> **PROBLEM STATEMENT**
Below are records. Transcribe exactly the lines from the one that contains "Pula Attractions: 5 Visitor Guides" through the last line, leaving any pictures out.

-- INPUT DATA follows --

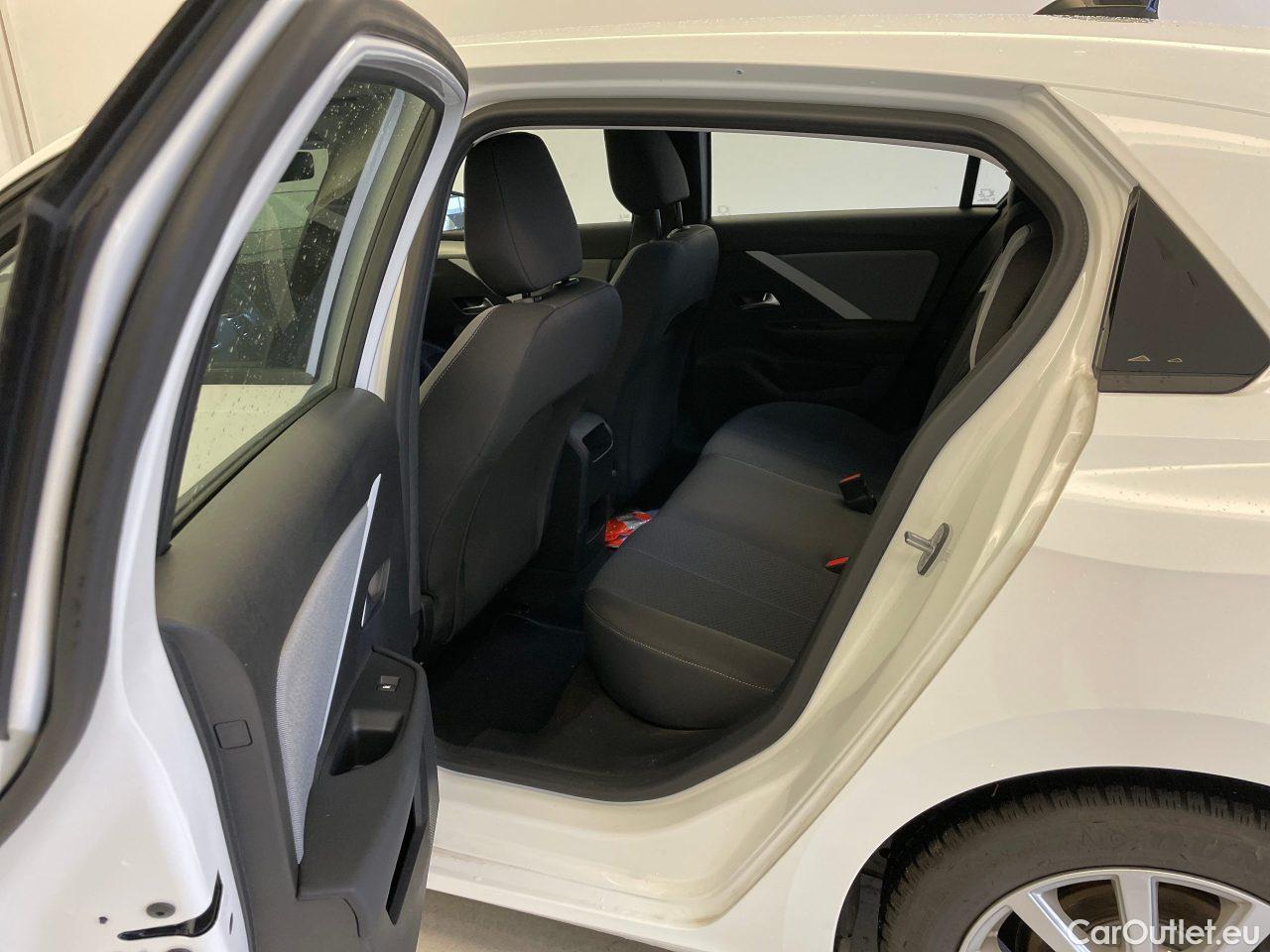 Opel  Astra 1.5 D Edition - Manual Diesel  29 #9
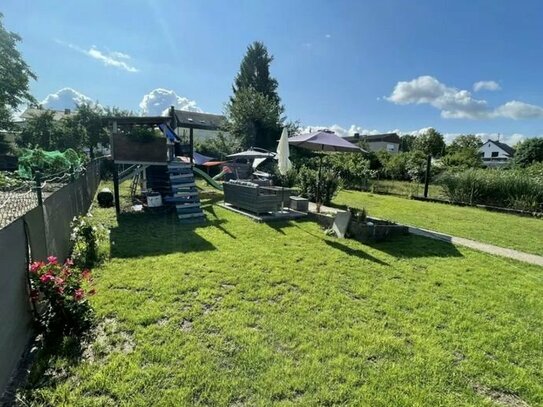 Schönes sonniges Grundstück in ruhiger Lage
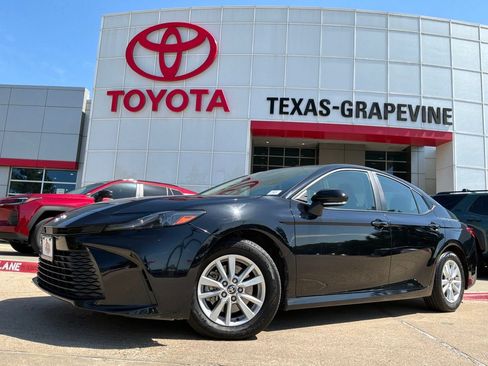 Used 2026 Toyota Camry LE FWD image 2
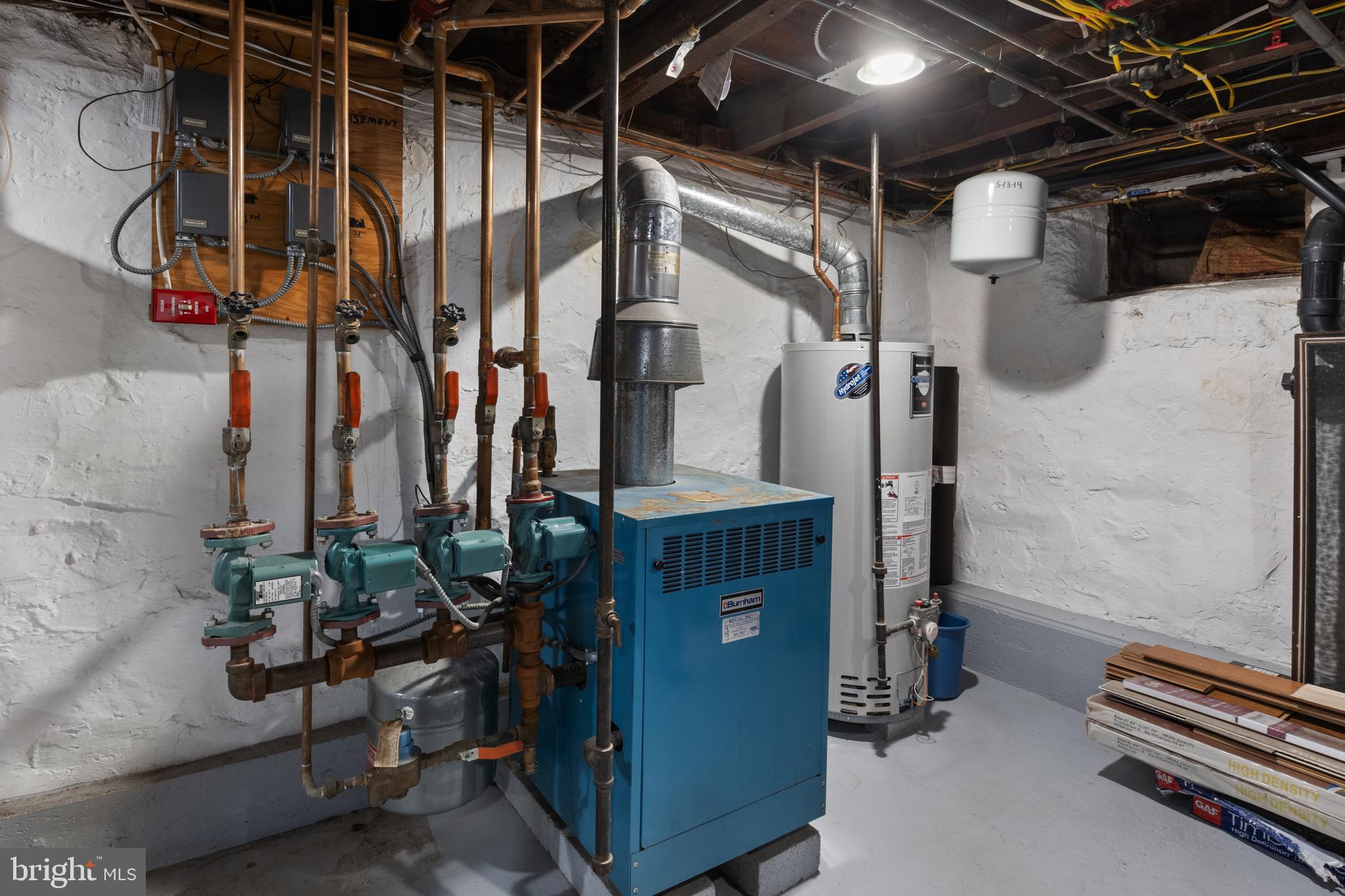 ELMWOOD - Residential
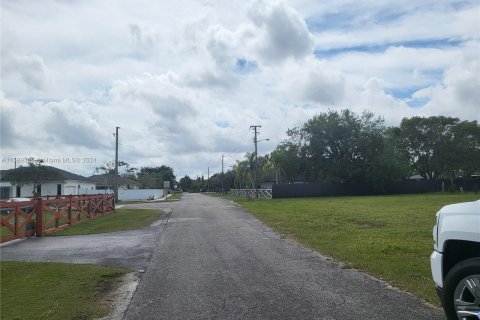 Propiedad comercial en venta en Homestead, Florida № 1402575 - foto 3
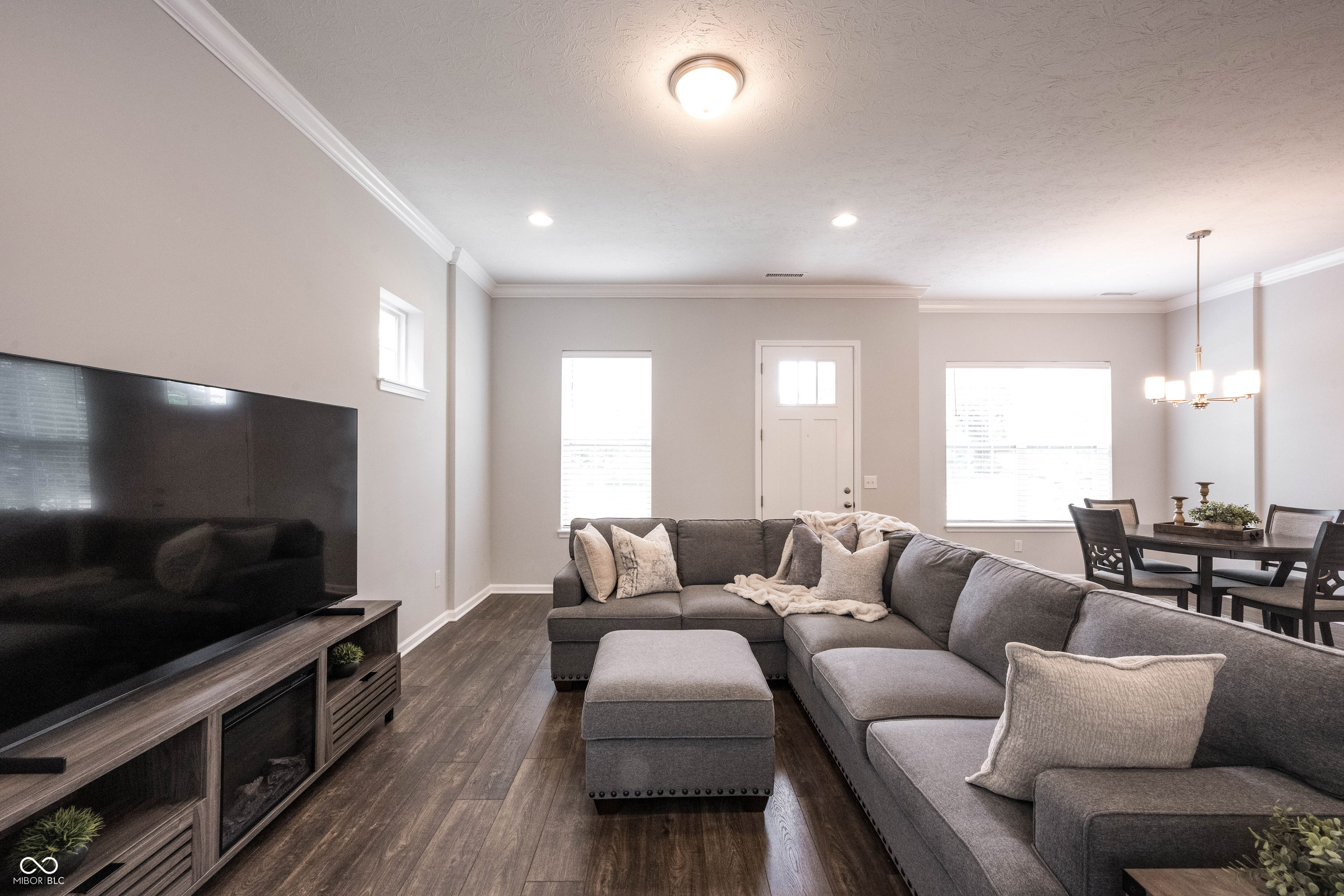 13083 Pennington Road, Fishers, IN, 46037 photo 5 of 64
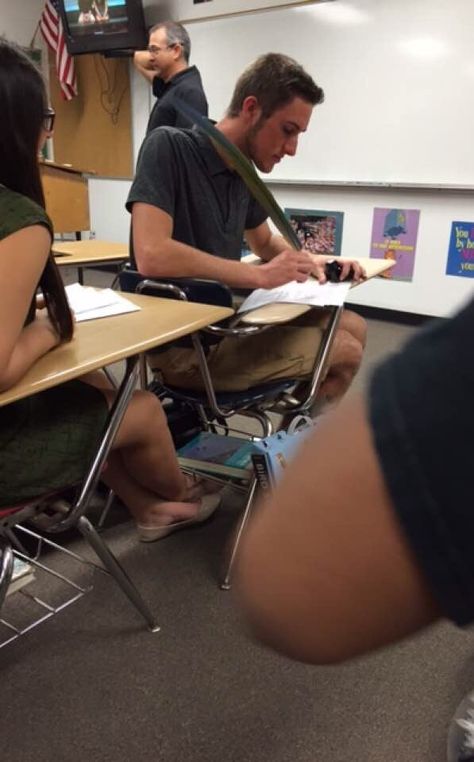 This teacher who knows how to deter students from forgetting to bring a pen: | 31 Teachers Who Are Definitely Funnier Than Their Students Teacher Funnies, Bored Teachers, The Last Laugh, Online Quizzes, Epic Fails Funny, Funny Teacher, Need A Laugh, Epic Fails, Funny Random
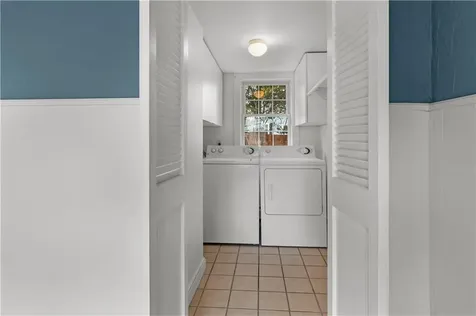 112 King Phillip Street Portsmouth RI 02871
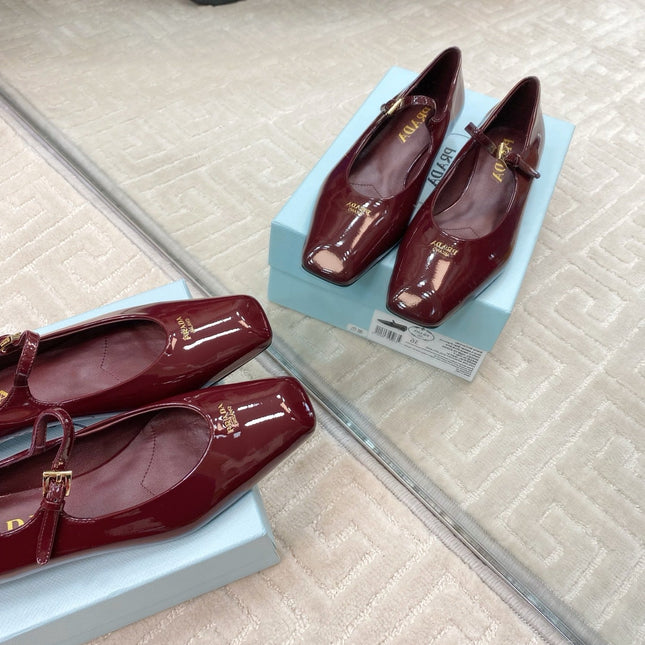 MARY JANE FLATS SQUARE TOE IN BURGUNDY RED PATENT SHEEPSKIN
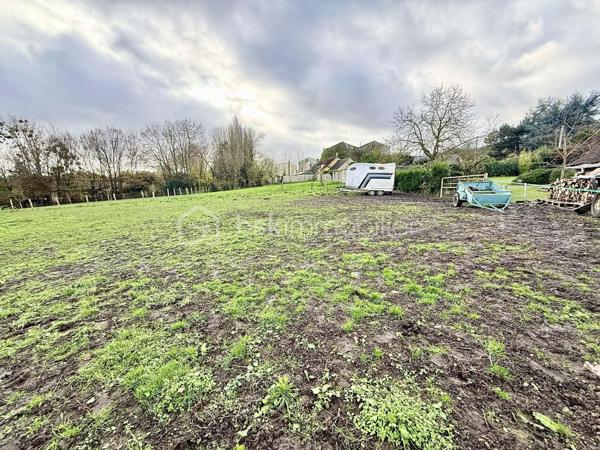 Terrain de 1 002 m²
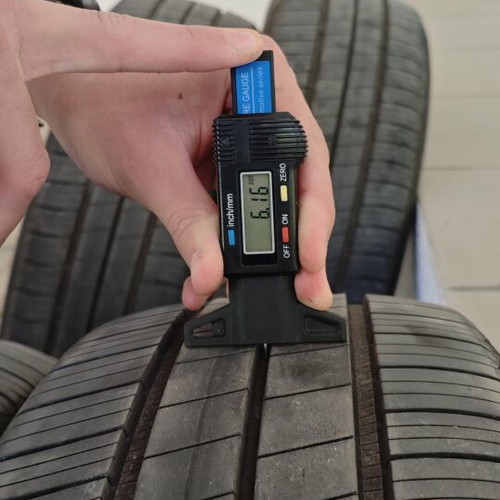 Goodyear Efficient Grip Performance 195/60/R18 H XL tires like new
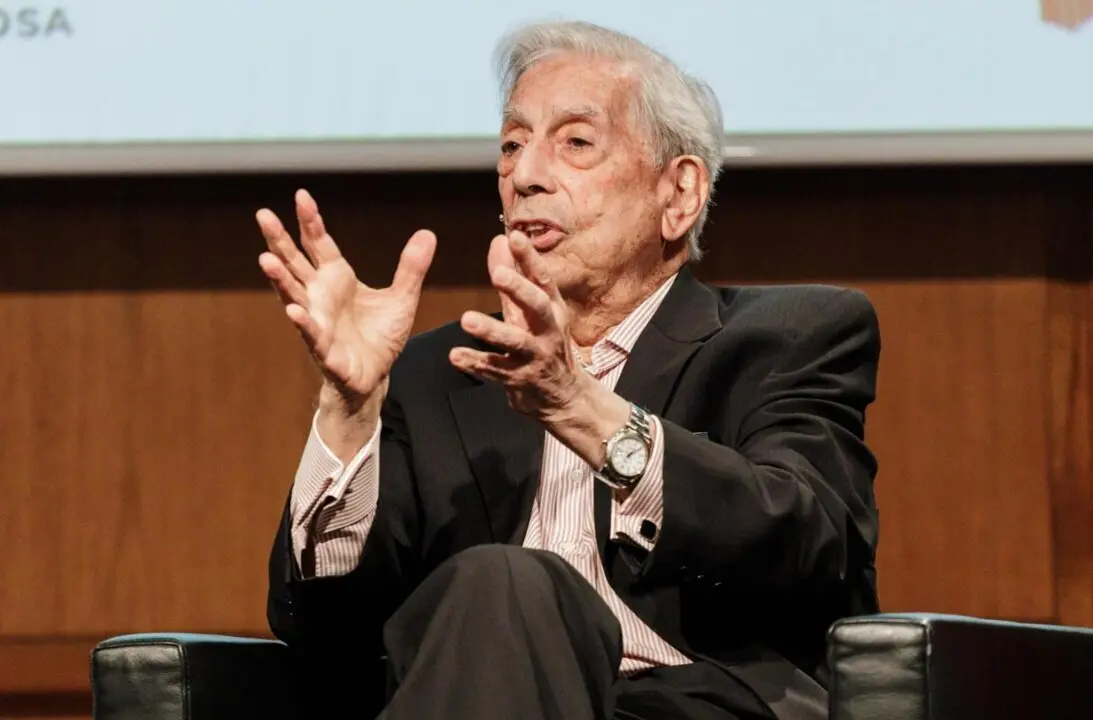  Archivo - El escritor Mario Vargas Llosa - Carlos Luj&aacute;n / Europa Press - Archivo 
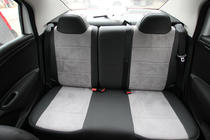 Citroen C-Elysee 2013–2022 Autopotahy eko kůže + tkanina + alcantara Antara A0010 (kompletní sada) fotografie 4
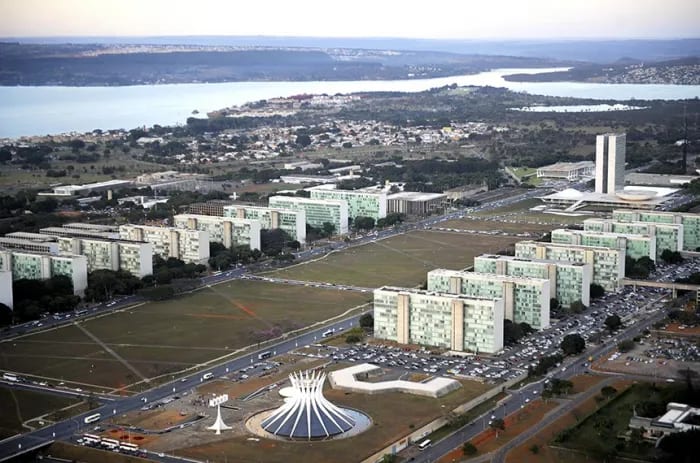 Proposta orçamentária prevê preenchimento de 53.530 vagas no setor público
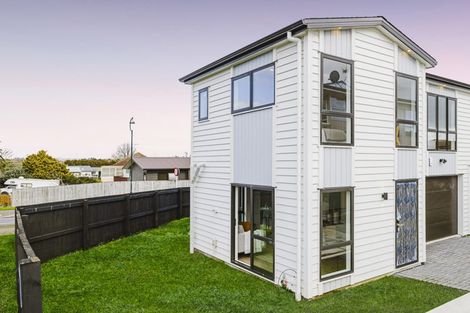 Photo of property in 559a Great South Road, Rosehill, 2113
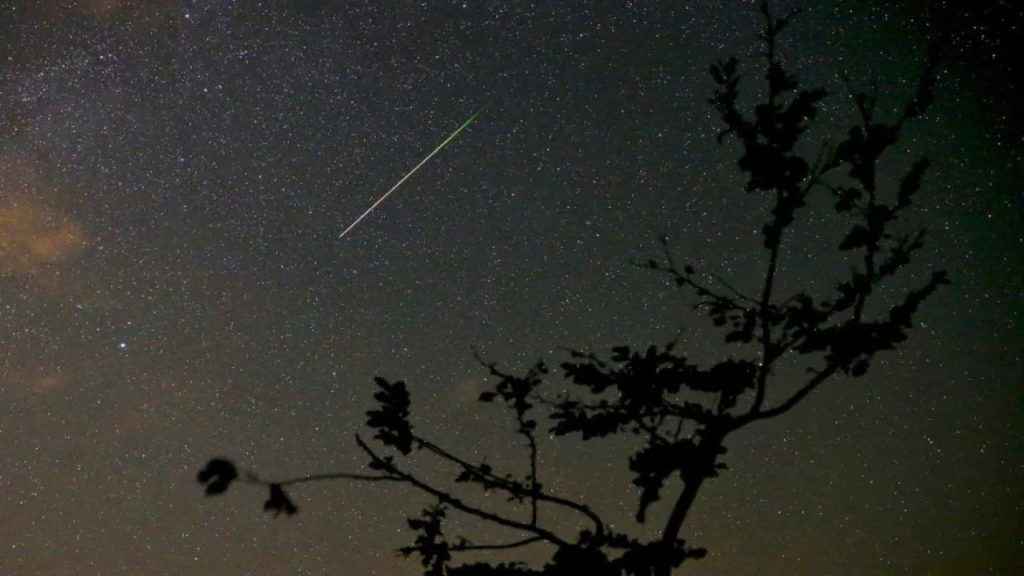 100 milyonda bir olasılık gerçek oldu: Terasında kahve içen kadının üzerine meteor düştü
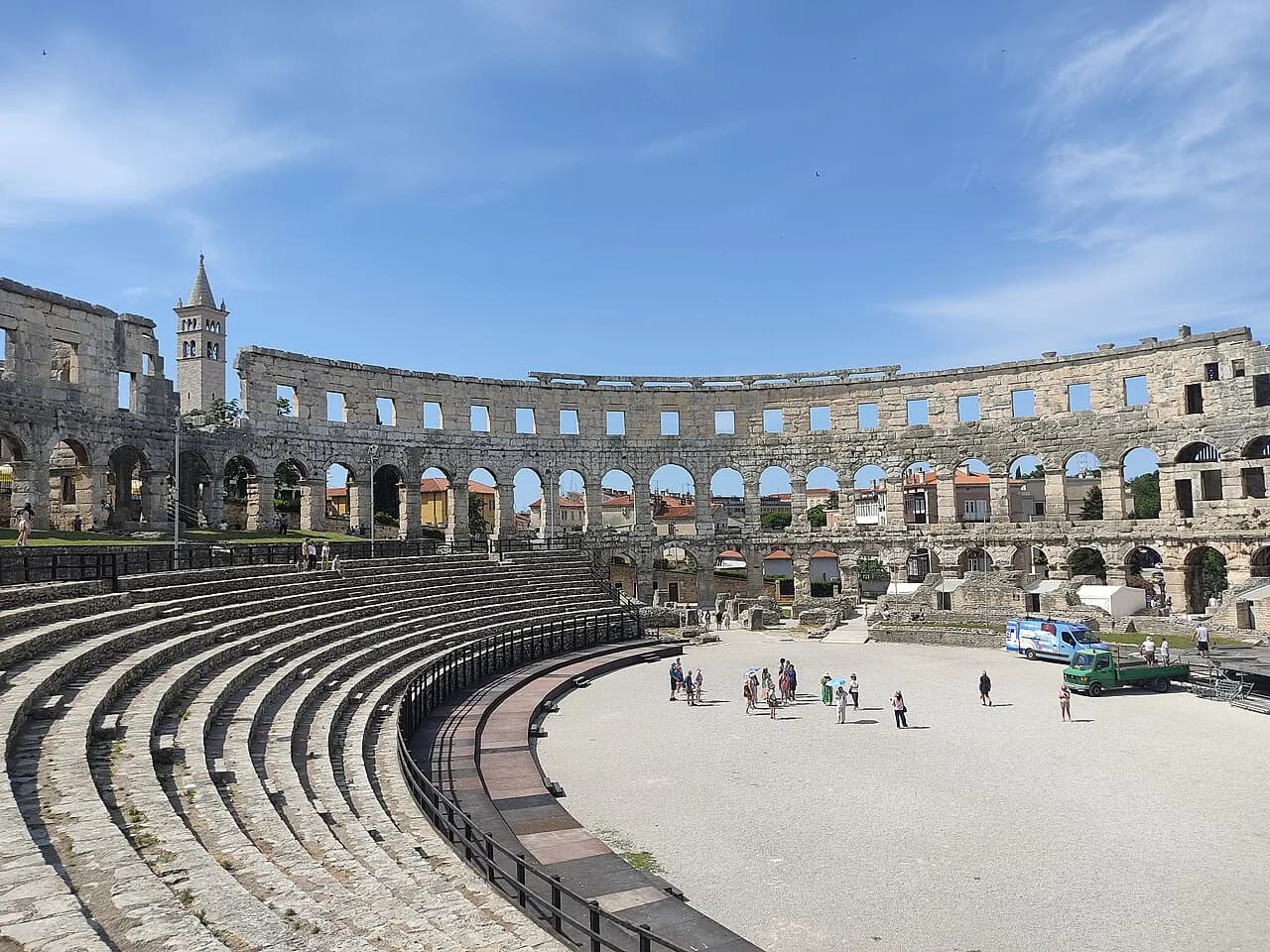 Pula Attractions: 5 Visitor Guides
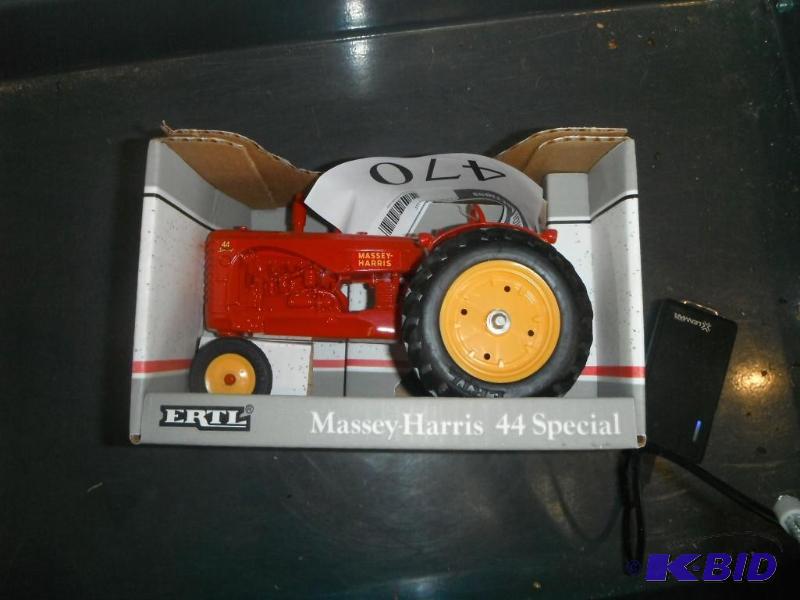 lot 470 image: Massey-Harris 44 Special Tractor...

-- INPUT DATA concluded --

> **RESPONSE BOX**
 Pula Attractions: 5 Visitor Guides
 lot 470 image: Massey-Harris 44 Special Tractor...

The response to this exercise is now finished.